* [Work task] Could you transcribe exactly the lines below, from the line with "Купить Khalis Escape" through the line with "2016 Ram 1500", and nothing else, leaving out the pictures?

* [Records for this exercise]
· · ·
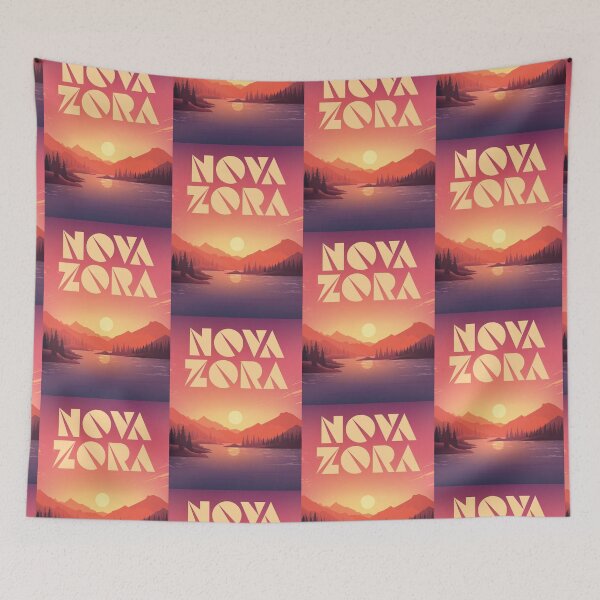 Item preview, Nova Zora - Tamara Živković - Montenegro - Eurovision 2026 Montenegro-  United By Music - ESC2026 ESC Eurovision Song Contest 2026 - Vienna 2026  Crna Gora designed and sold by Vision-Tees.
· · ·
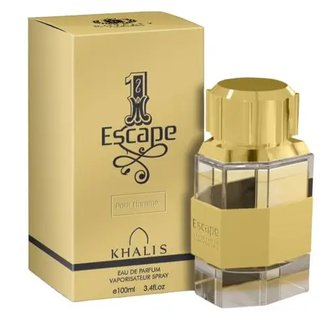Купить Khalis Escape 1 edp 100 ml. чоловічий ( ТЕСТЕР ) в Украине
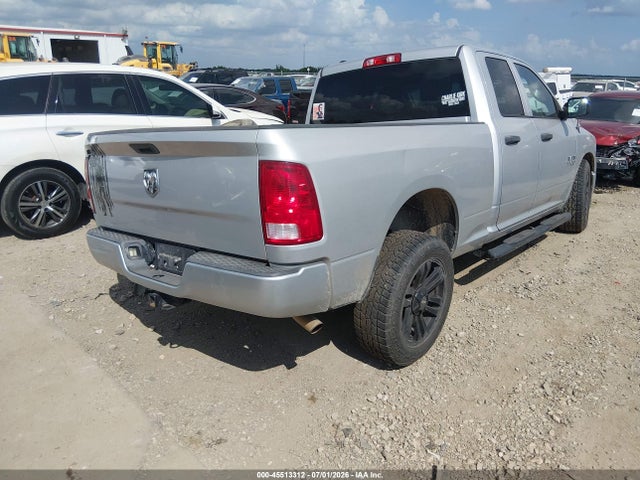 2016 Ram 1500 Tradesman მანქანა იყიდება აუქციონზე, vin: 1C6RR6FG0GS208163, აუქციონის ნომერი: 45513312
· · ·
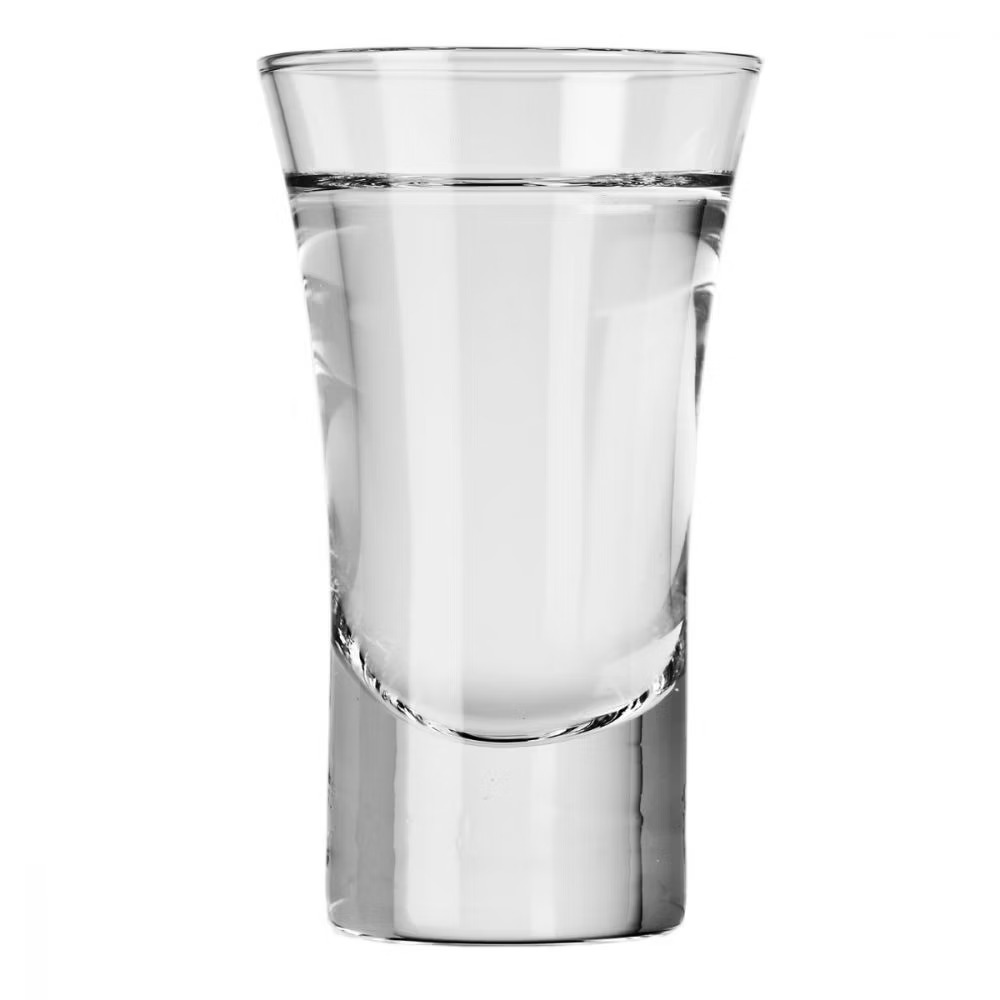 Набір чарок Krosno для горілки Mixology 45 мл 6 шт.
· · ·
* [Solution to the exercise]
Купить Khalis Escape 1 edp 100 ml. чоловічий ( ТЕСТЕР ) в Украине
 2016 Ram 1500 Tradesman მანქანა იყიდება აუქციონზე, vin: 1C6RR6FG0GS208163, აუქციონის ნომერი: 45513312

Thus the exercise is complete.